Wasserversorgung im Bezirk Oberpullendorf
Die Wasserversorgung in Oberpullendorf erfolgt über ein gut organisiertes System. Der Wasserverband Mittleres Burgenland versorgt 18 Gemeinden mit insgesamt 36 Ortsteilen und betreibt 36 Ortsnetze. Dabei werden rund 12.380 Hausanschlüsse für etwa 24.383 Einwohner bereitgestellt. Die Infrastruktur ist beeindruckend: 129 Kilometer Transportleitungen, 344 Kilometer Ortsnetzleitungen, 17 Hochbehälter, 4 Tiefbehälter, 19 Pumpwerke, 10 Brunnen und eine Quelle – das klingt nach einer Menge Wasser!
Die Gesamtförderleistung liegt bei etwa 200 Litern pro Sekunde, was einer jährlichen Fördermenge von rund 2 Millionen Kubikmetern entspricht. Die Wasserversorgung basiert auf Tiefengrundwasser aus den Brunnenfeldern in Neckenmarkt und Lackendorf. Dort fördern zehn Brunnen Grundwasser, das bis zu 8.000 Jahre alt ist! Wenn das mal nicht beeindruckt! Der Brunnenfeld Neckenmarkt hat drei Brunnen mit bis zu 43 Litern pro Sekunde, während Lackendorf sogar sieben Brunnen mit bis zu 157 Litern pro Sekunde aufweist. Gute Nachrichten: Die aktuellen Fördermengen liegen im Durchschnitt der letzten Jahre, und es gibt ausreichend Kapazitäten, selbst bei erhöhtem Wasserverbrauch. Die Bevölkerung braucht sich also keine Sorgen zu machen.
Die Herausforderung der Zukunft
Allerdings muss das Grundwasser durch Niederschlag nachgefüllt werden. Das ist der Knackpunkt. Die Wasserversorgung ist eine regionale Angelegenheit, und der Verbrauch sollte den Niederschlag nicht übersteigen. Besonders herausfordernd ist der Wassertransport, denn aufgrund der topografischen Gegebenheiten müssen 470 Höhenmeter überwunden werden. Das ist kein Zuckerschlecken! Der Wasserverband versorgt etwa 67% des Bezirks Oberpullendorf, und die vorhandenen Wasserbehälter bieten Reserven für Spitzenverbräuche. Eine zusätzliche Versorgung benachbarter Gebiete ist momentan nicht notwendig.
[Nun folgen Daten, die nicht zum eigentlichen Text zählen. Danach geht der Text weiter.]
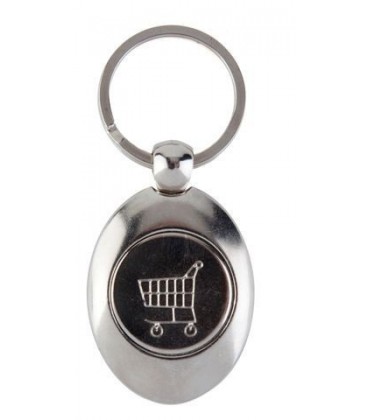 Trolley coin keyring MZ-25 CARRO
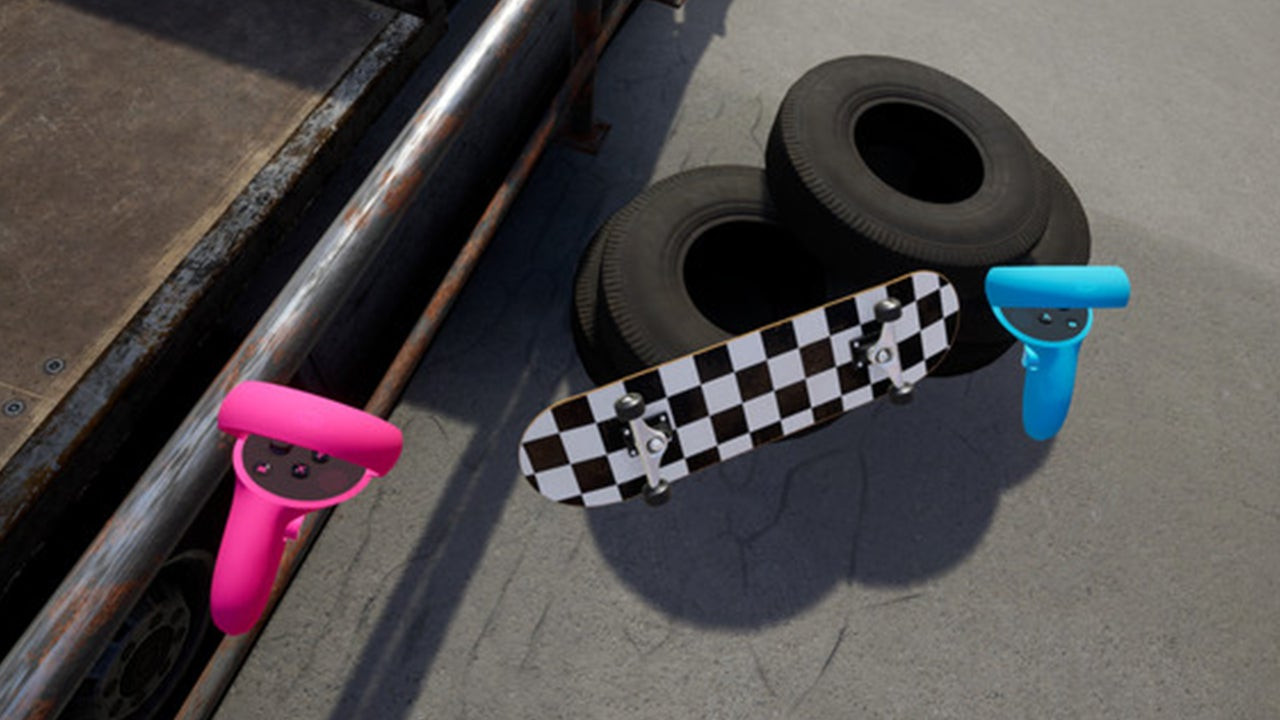 VR Skater lets you carve and grind your way through virtual skate parks
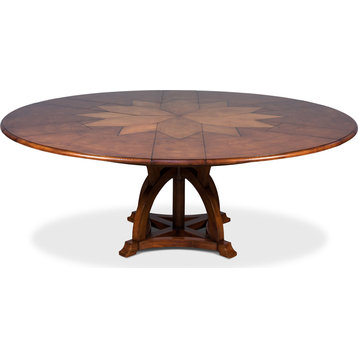 Austin Jupe Dining Table - Brown, Large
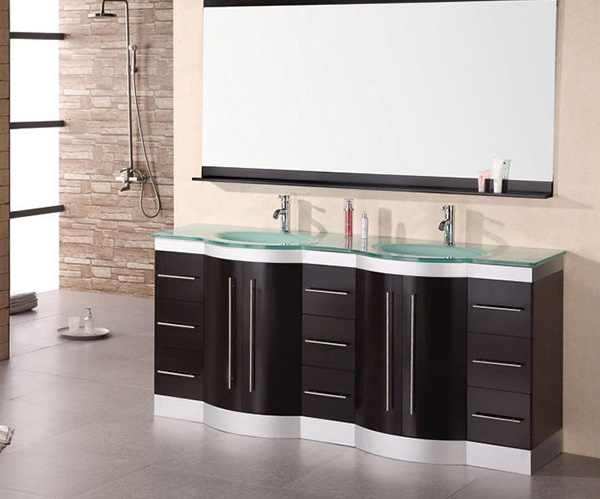 modern vanity set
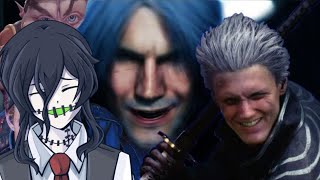 Toby reacts to An Incorrect Summary of Devil May Cry 5 PART 1 by Max0r [upl. by Querida]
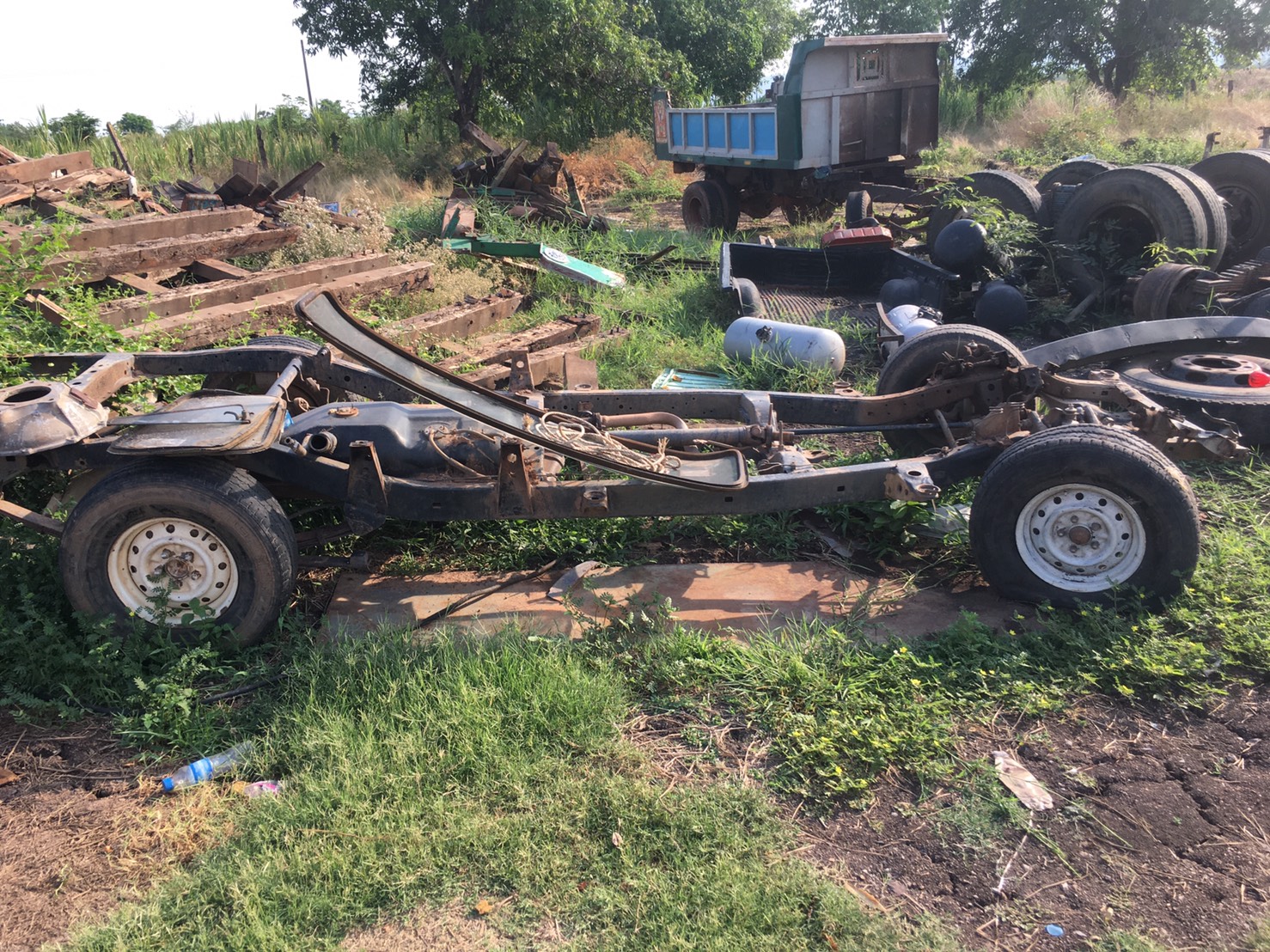 คัชชีพร้อมช่วงล่างไมตี้13000บาท หรือแยกอะไหล่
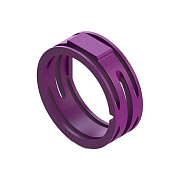 Кольцо для XLR-разьемов, фиолетовый XR-PUR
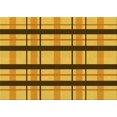 thumbnail image 1 of Ahgly Tapis Rectangulaire Lavable en Machine Intérieur Transitionnel Brun Selle, 6 Pieds x 9 Pieds, 1 of 7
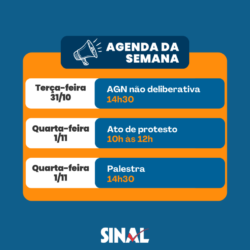 Semana contará com Dia Nacional de Protesto; confira agenda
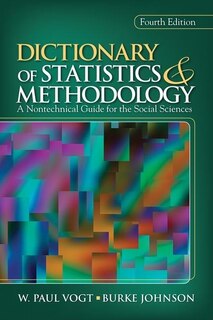 Dictionary Of Statistics & Methodology: A Nontechnical Guide For The Social Sciences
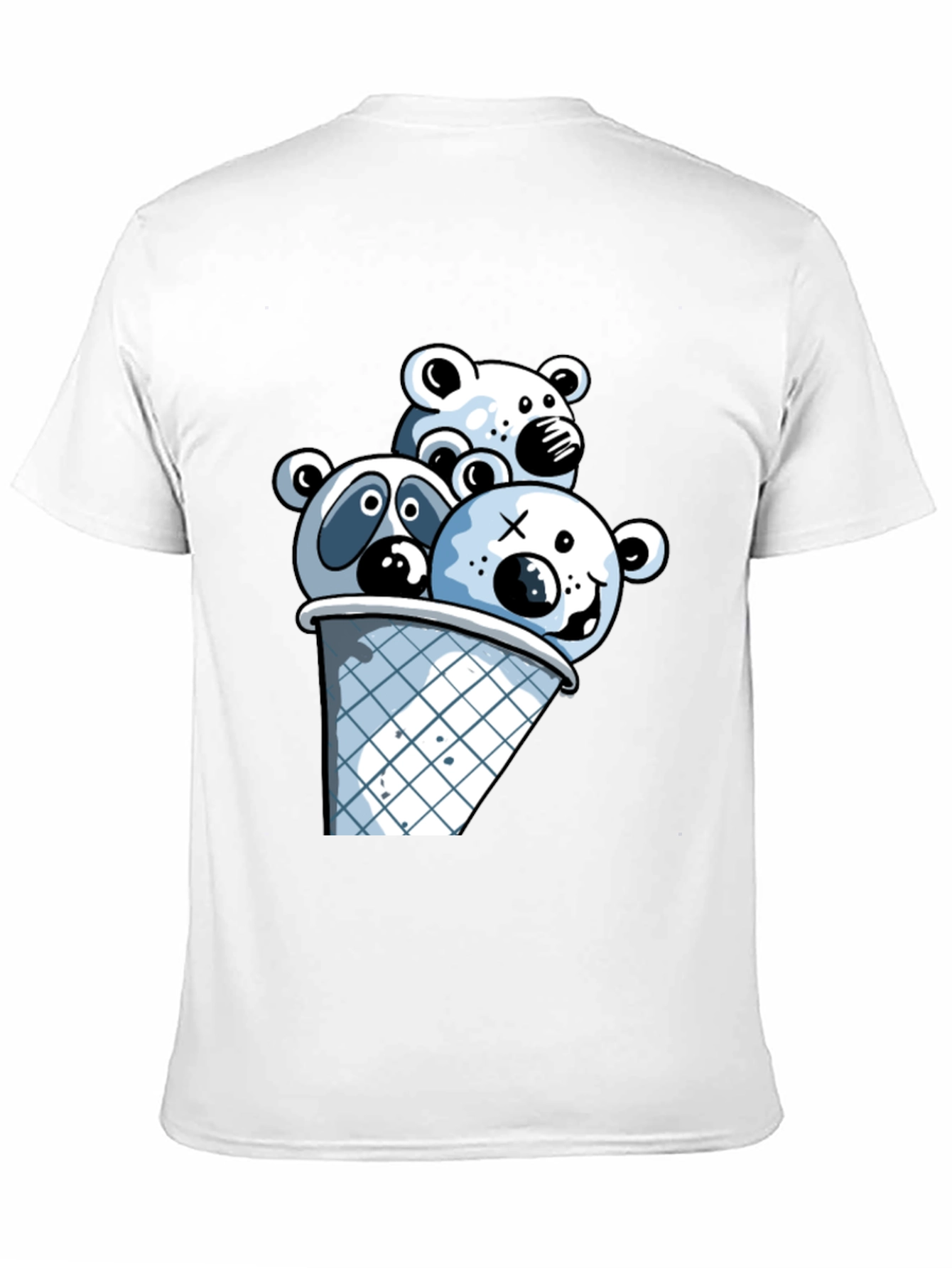 Bear Cone Graphic Tee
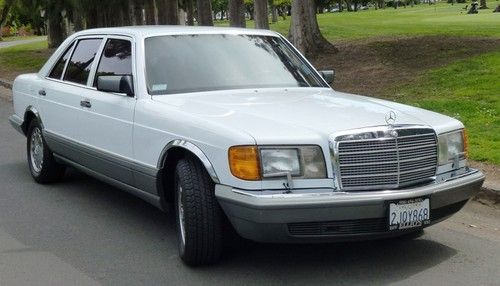 1988 mercedes 560sel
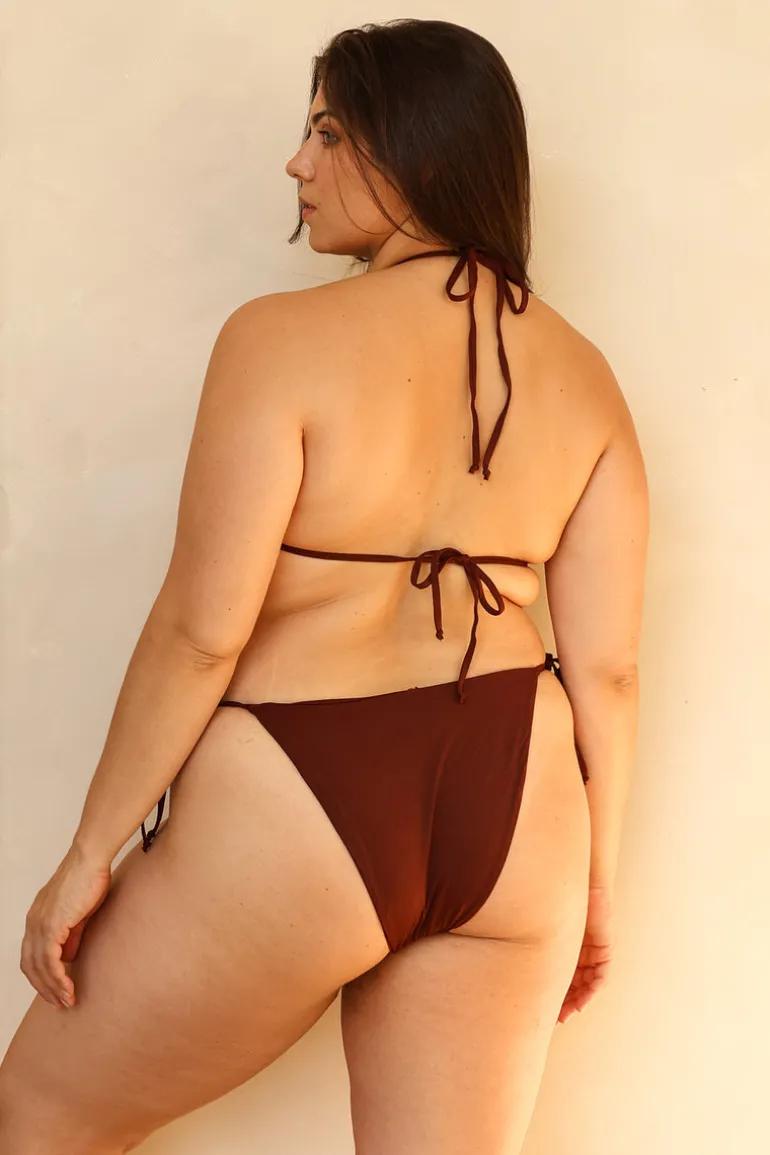 Mocha Triangle Cheeky Set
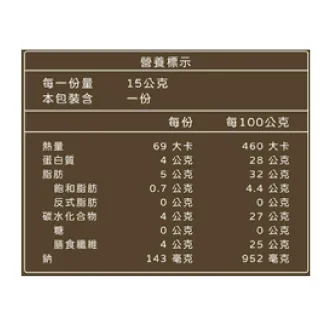 【三味屋】100% 純 橄欖油 海苔 15gX12包/箱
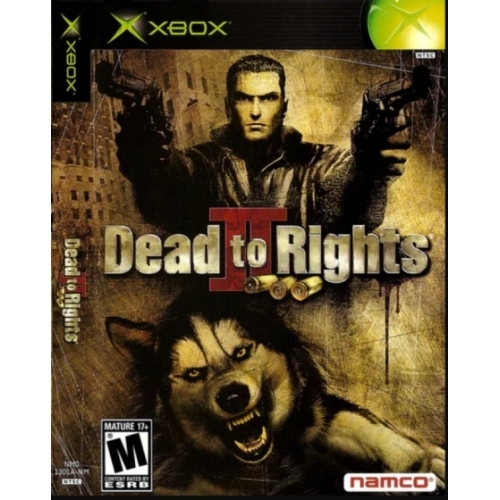 Dead to Rights 2 Xbox AVEC NOTICE 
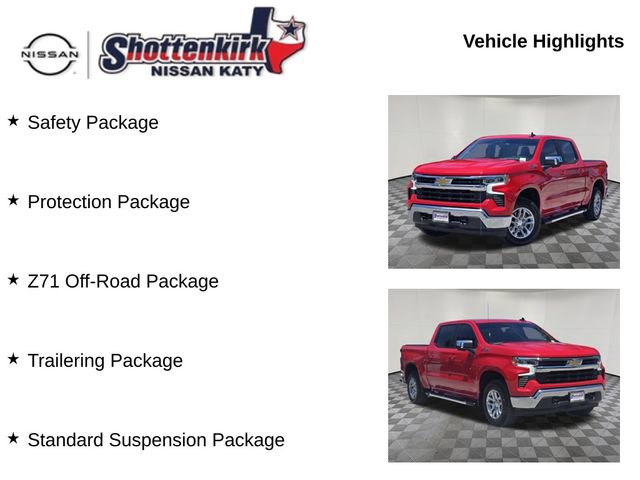 Used 2025 Chevrolet Silverado 1500 LT AWD/4WD image 12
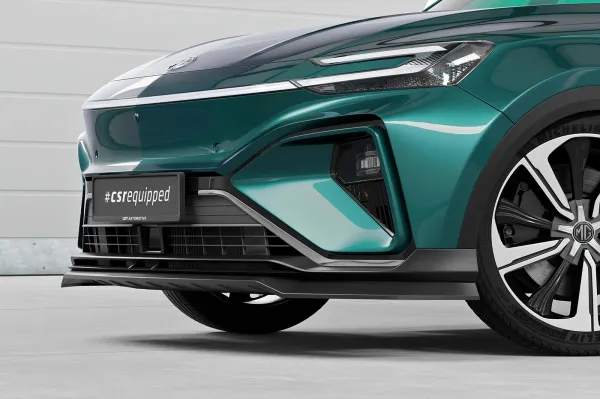 CSR Frontspoiler | Cup-Spoilerlippe mit ABE für MG Marvel R CSL955-C Carbon Look Hochglanz (keine Lackierung erforderlich)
Doch in einem größeren Kontext betrachtet, stellt sich die Frage, wie nachhaltig die Wasserversorgung in Zukunft sein kann. Die Studie „Wasserschatz Österreichs“, die am 13. September 2021 veröffentlicht wurde, beleuchtet genau diese Thematik. Sie untersucht den Wasserbedarf und die Entwicklungen in Österreich über 30 Jahre im Kontext des Klimawandels. Österreich ist wasserreich, aber die Verteilung der Grundwasserressourcen ist ungleich. Trockenperioden der letzten Jahre haben regional zu Engpässen geführt, und der Klimawandel könnte Niederschlagsänderungen, Temperaturanstieg und erhöhte Verdunstung mit sich bringen, was die Situation weiter verschärfen könnte.
Die Ergebnisse der Studie zeigen, dass der aktuelle Wasserbedarf nachhaltig aus Grundwasser gedeckt werden kann. Allerdings wird erwartet, dass die verfügbaren Grundwasserressourcen bis 2050 um bis zu 23% abnehmen könnten. Das ist ein echter Weckruf! Zudem könnte der Wasserbedarf aufgrund von Bevölkerungszunahme und Klimawandel in einigen Gemeinden um bis zu 50% steigen. Das betrifft vor allem die Landwirtschaft, deren Wasserbedarf bis 2050 nahezu doppelt so hoch werden könnte. Die Herausforderungen sind also vielfältig, und es ist klar, dass wir alle einen Beitrag leisten müssen, um unsere Wasserressourcen zu schützen und nachhaltig zu nutzen.